Exercise brief: Transcribe nothing except the lines below that run from the one with "标准三人间, Anemone" to the one with "Escorts In Aron", ends included, and do not copy any picture.
───── Given data
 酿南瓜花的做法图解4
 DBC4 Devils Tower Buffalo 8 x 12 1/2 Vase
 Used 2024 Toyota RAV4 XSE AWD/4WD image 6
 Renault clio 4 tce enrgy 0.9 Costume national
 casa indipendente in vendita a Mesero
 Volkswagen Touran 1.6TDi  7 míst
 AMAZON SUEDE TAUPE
──────────
───── Given data
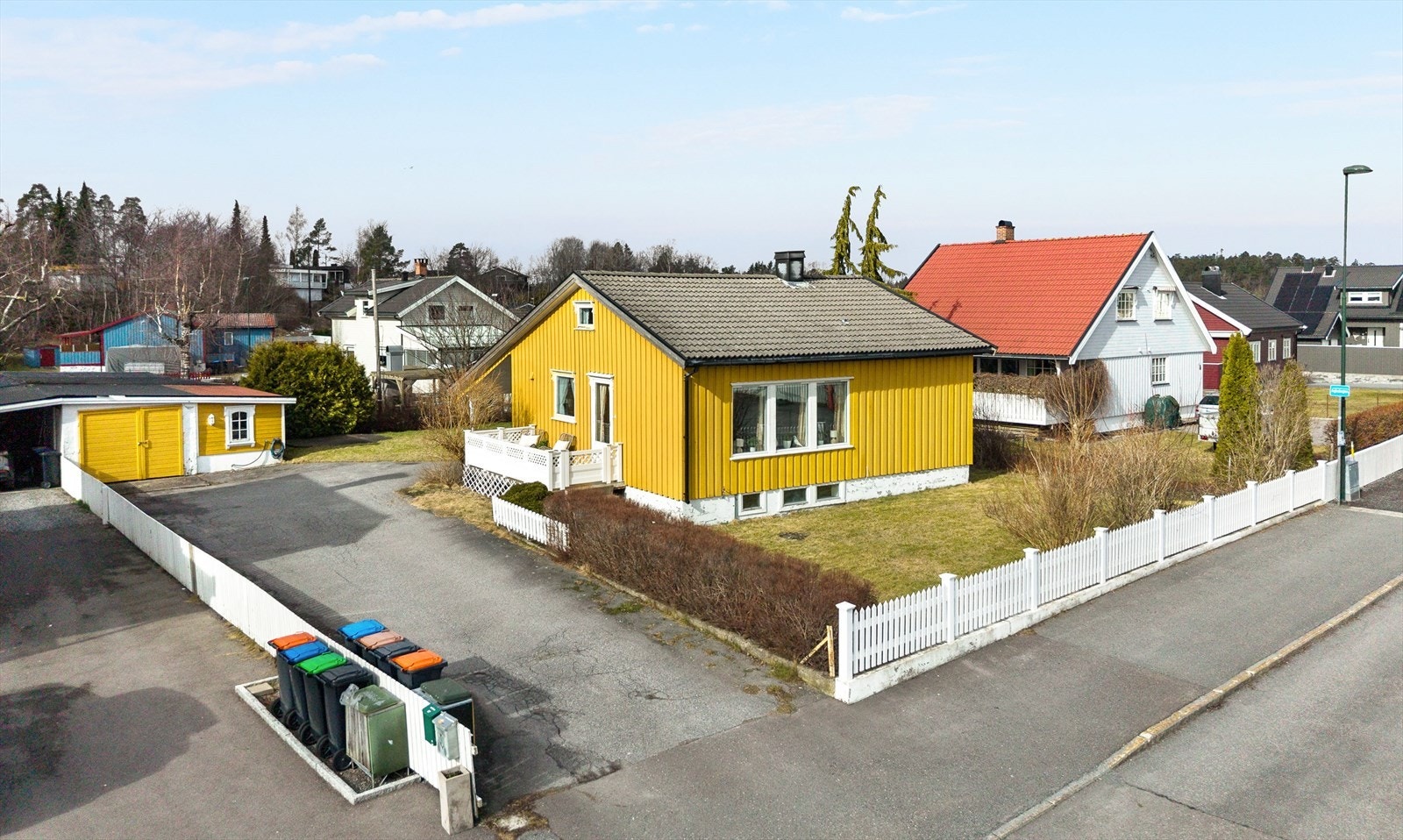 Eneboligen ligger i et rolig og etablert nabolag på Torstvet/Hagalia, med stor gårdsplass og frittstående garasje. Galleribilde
──────────
───── Given data
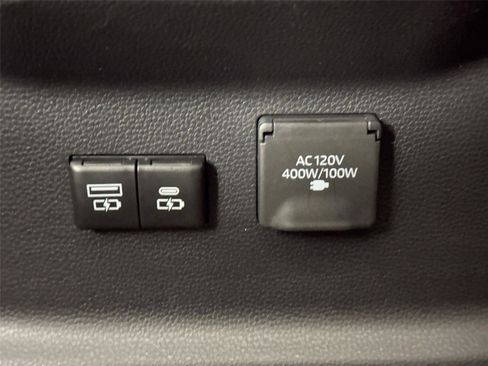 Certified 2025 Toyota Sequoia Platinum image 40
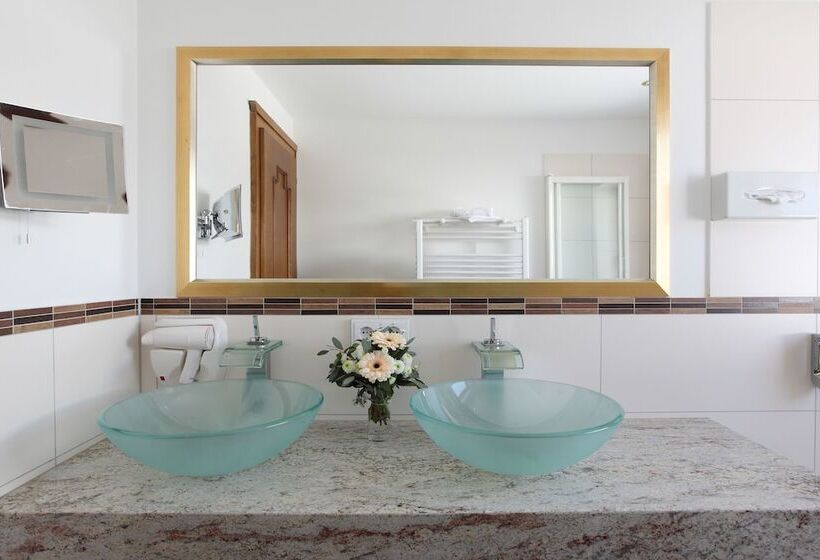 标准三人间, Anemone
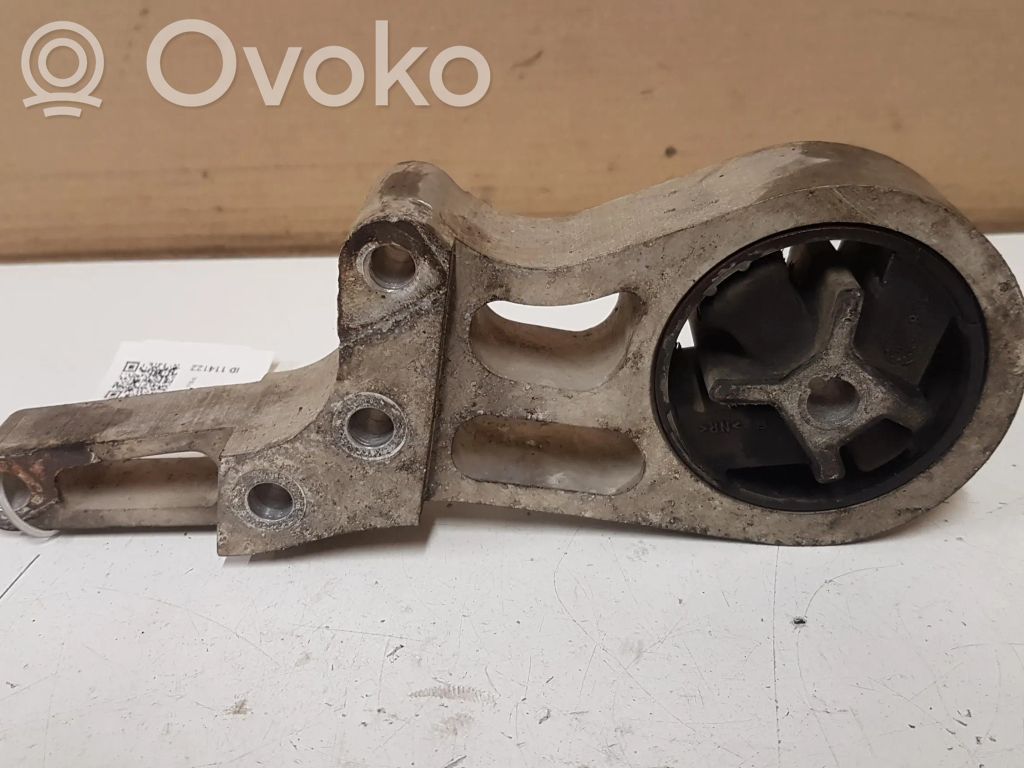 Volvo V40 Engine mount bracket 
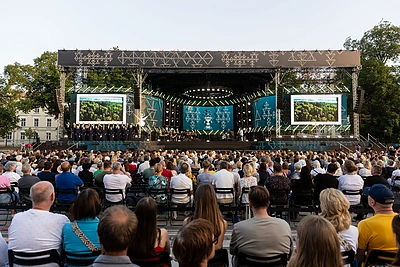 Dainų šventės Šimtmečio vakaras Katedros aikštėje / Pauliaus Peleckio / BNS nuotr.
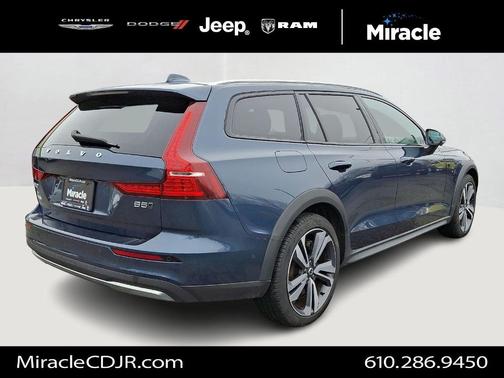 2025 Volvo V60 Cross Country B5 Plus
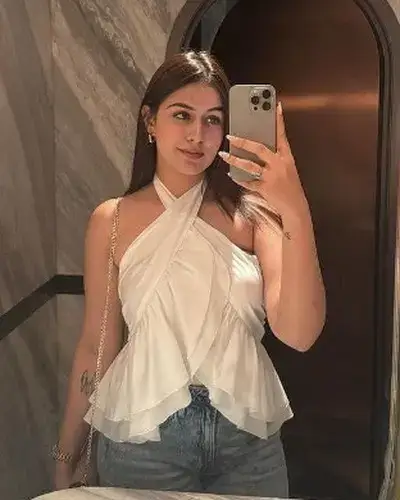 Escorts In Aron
──────────
Result for this task:
 标准三人间, Anemone
 Volvo V40 Engine mount bracket 
 Dainų šventės Šimtmečio vakaras Katedros aikštėje / Pauliaus Peleckio / BNS nuotr.
 2025 Volvo V60 Cross Country B5 Plus
 Escorts In Aron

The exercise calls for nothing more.